Jay Hughes, Space and Naval Warfare Systems Command, remarked that a common dictionary is needed to avoid miscommunication about concepts for which we use different words to describe. McKeown responded that the lack of a common vocabulary is of interest to the natural language processing community. It wants to capture cultural background, as well as perspective and ideology, to generate and understand language. A participant asked if fake news should be considered a computational linguistics problem, a graph analytics problem, or a natural language processing problem. McKeown said that it is a difficult problem, and a solution will likely require all technologies that can be brought to bear.
Dragomir Radev, Yale University
Dragomir Radev, Yale University, noted that there has been a full-scale revolution in neural networks owing to the large amount of textual data (e.g., email, social media, news, spoken language) and the powerful hardware that are available. Radev remarked that many of the most fundamental natural language processing tasks are classification problems—for example, optical character recognition, spelling correction, part-of-speech tagging, word disambiguation, parsing, named entity segmentation and classification, sentiment analysis, and machine translation.
Radev described the traditional natural language processing pipeline. Words in a sentence are tagged with parts of speech and then parsed based on syntactic constituency or dependency (see Figure 4.1). To understand language, Radev explained, it is necessary to perform semantic analysis. After a sentence is converted into a logical form, world knowledge is used to perform inference and reach a conclusion about meaning. Current natural language processing methods include (1) vector semantics for dimensionality reduction or compositionality; (2) supervised learning using deep neural networks; and (3) learning architectures such as recurrent neural networks, long short-term memory networks, attention-based models, generative adversarial networks, reinforcement learning, and off-the-shelf libraries. Radev explained that, with vector semantics, words can be represented as vectors based on correspondence to nearby words, and meaning can be represented in vector form. He noted that this method also works when dealing with multilingual text. Compositional meaning can be expressed as a sum of vectors whereas non-compositional meaning (e.g., idioms) cannot.
Radev defined deep learning as neural networks with multiple layers and non-linearities. Depending on the number of layers in the neural network, deep learning can be used as a simple classifier or to learn more complex
features. He added that deep learning works well with high-performance computers using graphical processing units and with large data sets. He shared that industry is investing billions in deep learning, in part because it has led to a significant improvement on many natural language processing tasks—for example, a 30 percent decrease in word error rate for speech recognition. Radev next highlighted multi-layer perceptrons, which can be used as classifiers. They are universal function approximators in the sense that they can compute any function that is consistent with the training data. The hidden layers between the input layer and the output layer are tasked with finding features of interest.
Radev gave a brief overview of some important work in the natural language processing and related communities:
- AlexNet. A neural network architecture used for computer vision.
- Embeddings for words. Used to represent singular and plural words, comparative and superlative adjectives, and male and female words, for example.

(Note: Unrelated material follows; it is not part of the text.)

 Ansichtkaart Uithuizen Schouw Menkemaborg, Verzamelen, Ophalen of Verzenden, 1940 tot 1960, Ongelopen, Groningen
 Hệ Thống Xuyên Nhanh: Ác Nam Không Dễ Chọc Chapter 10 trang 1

- Autoencoder. The simplest neural network that can perform dimensionality reduction—when the network is trained, the hidden dimensions find principle components for the lower dimensional representations of the data.
- Embeddings for word senses. Uses vectors to represent multiple meanings associated with individual words.

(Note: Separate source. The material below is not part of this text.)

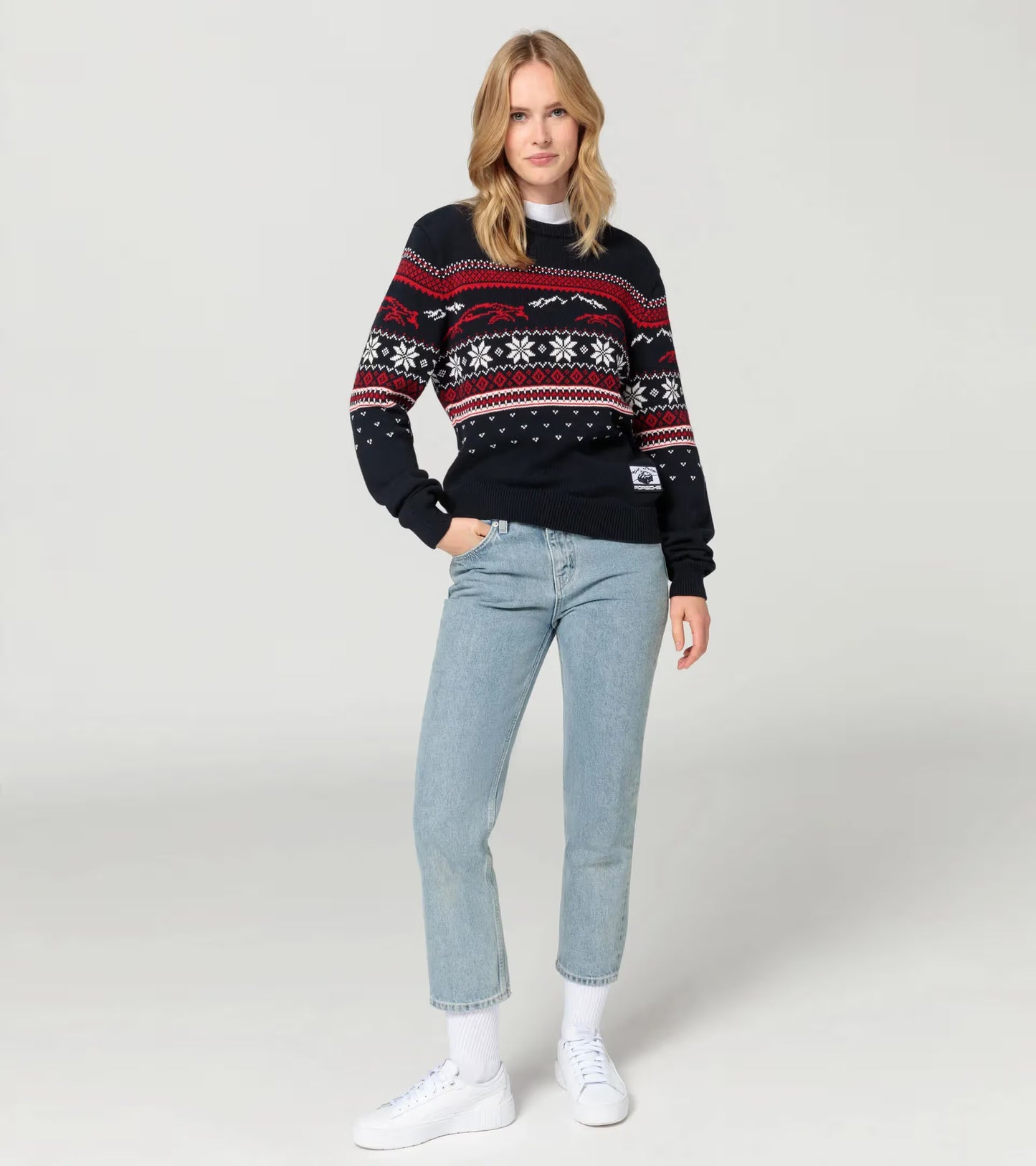Pull en Maille Unisexe – Noël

- Recurrent neural networks. Used to represent and make inferences about sequences of words, such as sentences.
- Long short-term memory networks. Addresses challenges with vanishing or exploding gradients in recurrent neural networks by controlling the flow of information through the network and enables long-distance dependency. Useful for language identification, paraphrase detection, speech recognition, handwriting, and music composition, for example.

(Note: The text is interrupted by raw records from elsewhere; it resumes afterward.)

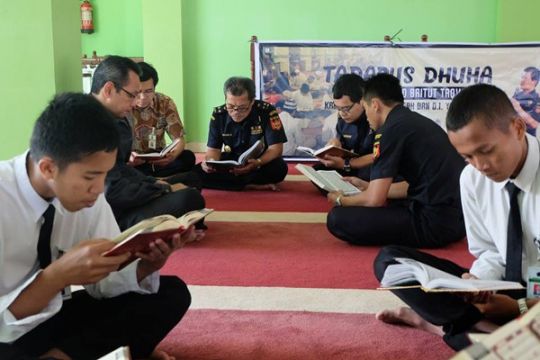 Bea Cukai Semarakkan Ramadhan Dengan Memakmurkan Masjid 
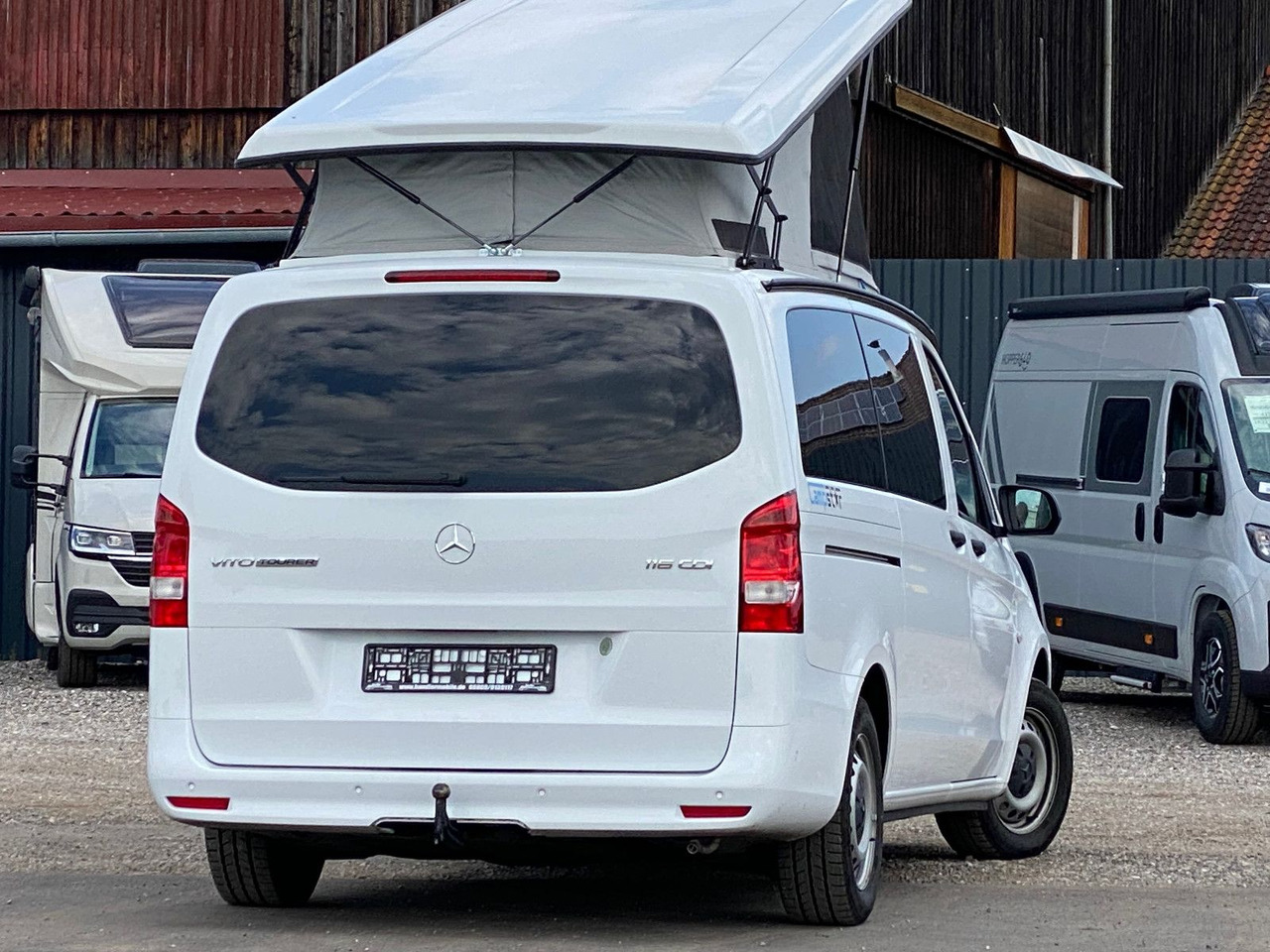 Pössl Campstar Mercedes Vito Tourer Pro Lang - Кемпер ван: снимка 5 Pössl Campstar Mercedes Vito Tourer Pro Lang - Кемпер ван: снимка 5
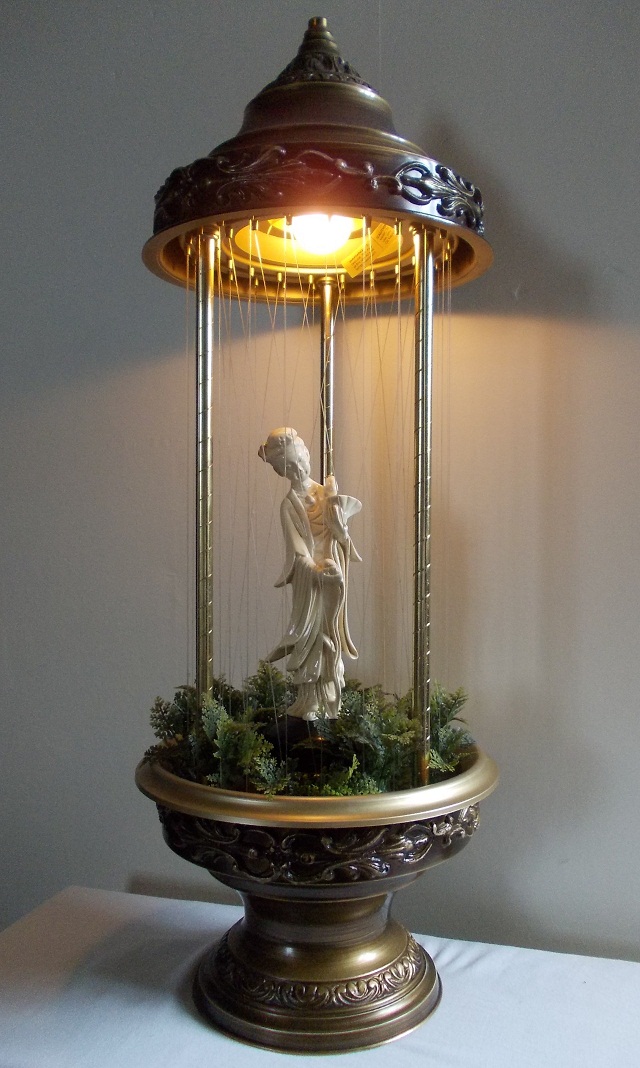 Rare and Amazing Rain Lamp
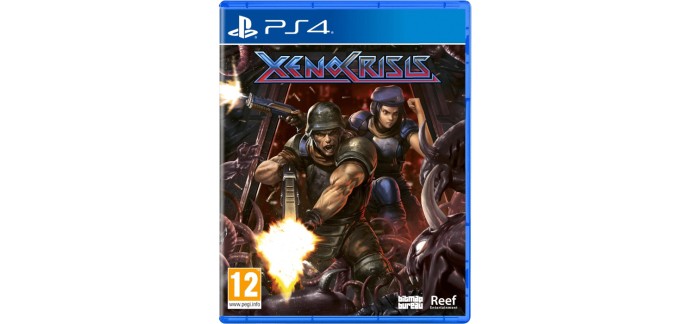 Amazon: Xeno Crisis (PS4) à 41,85€ (au lieu de 49,99€)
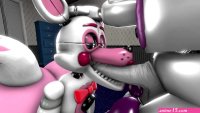 Funtime Freddy X Funtime Foxy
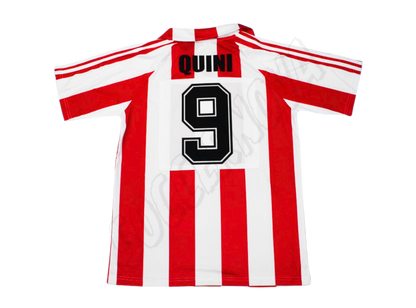 Maillot Domicile Sporting Gijón 1986/87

- Attention-based summarization. Through the use of an attention mechanism, text can be processed and sentences simplified, enabling progress on tasks such as summarization.
Radev described the challenges that remain in natural language processing, including recognition of non-compositionality, incorporation of world knowledge, semantic parsing, discourse analysis, contextual comprehension, user modeling, database systems access, dialogue modeling, and text generation. There are also challenges with adversarial data when fake examples confuse the classifier.
Joseph Mundy, Vision Systems, Inc., asked why the attempts to introduce world knowledge in natural language processing have struggled to date. Radev noted that manually built ontologies of world knowledge are gradually fading, and the future is in automatically learned resources. Tom Dietterich, Oregon State University, commented that automatically structuring the architecture is important since deep networks require writing a program and that it is important to identify useful models and reusable program components for this new style of differentiable programming.
In conclusion, Radev encouraged the intelligence community to focus on the following research areas:
- Speech analysis,
- Massive multilinguality,
- One-shot learning,
- Understanding short texts,
- Interpretability of models,
- Deep learning personalization,
- Trust analytics, and
- Ethical language processing.
He also highlighted potential enabling technologies such as the following:
- Integrating deep learning and reinforcement learning,
- Automating architecture learning,
- Hyperparameter searching,
- Improving generative models,
- Using memory-based networks and neural Turing machines,
- Semi-supervised learning,
- Mixing and matching architectures, and
- Adopting privacy-preserving models.
Amanda Stent, Bloomberg
Amanda Stent, Bloomberg, explained that conversation is a complex problem because while there are accepted rules that conversation participants follow, there are also myriad choices that can be made by these participants. Speech conversation researchers use advanced analytics and machine learning methods but are constrained by a lack of access to data appropriate for the complexity of the problem and thus sometimes work on artificial problems or with artificial data. As a result, according to Stent, speech and dialogue are not solved problems, and a divide exists between research and industrial application in this area.
She said that while conversation is often thought to occur between two or more humans, human–computer conversation is becoming more prevalent—the most common of which is slot-filling dialogue. Conversation is different from text or speech processing because (1) It is collaborative; (2) Its contributions are hearer-oriented, tentative, and grounded; and (3) It is incremental, multi-functional, and situated (i.e., there is always other context that must be taken into account). Stent noted that much research in conversation is focused on speech recognition uncertainty and errors because computer systems cannot yet handle these types of miscommunications.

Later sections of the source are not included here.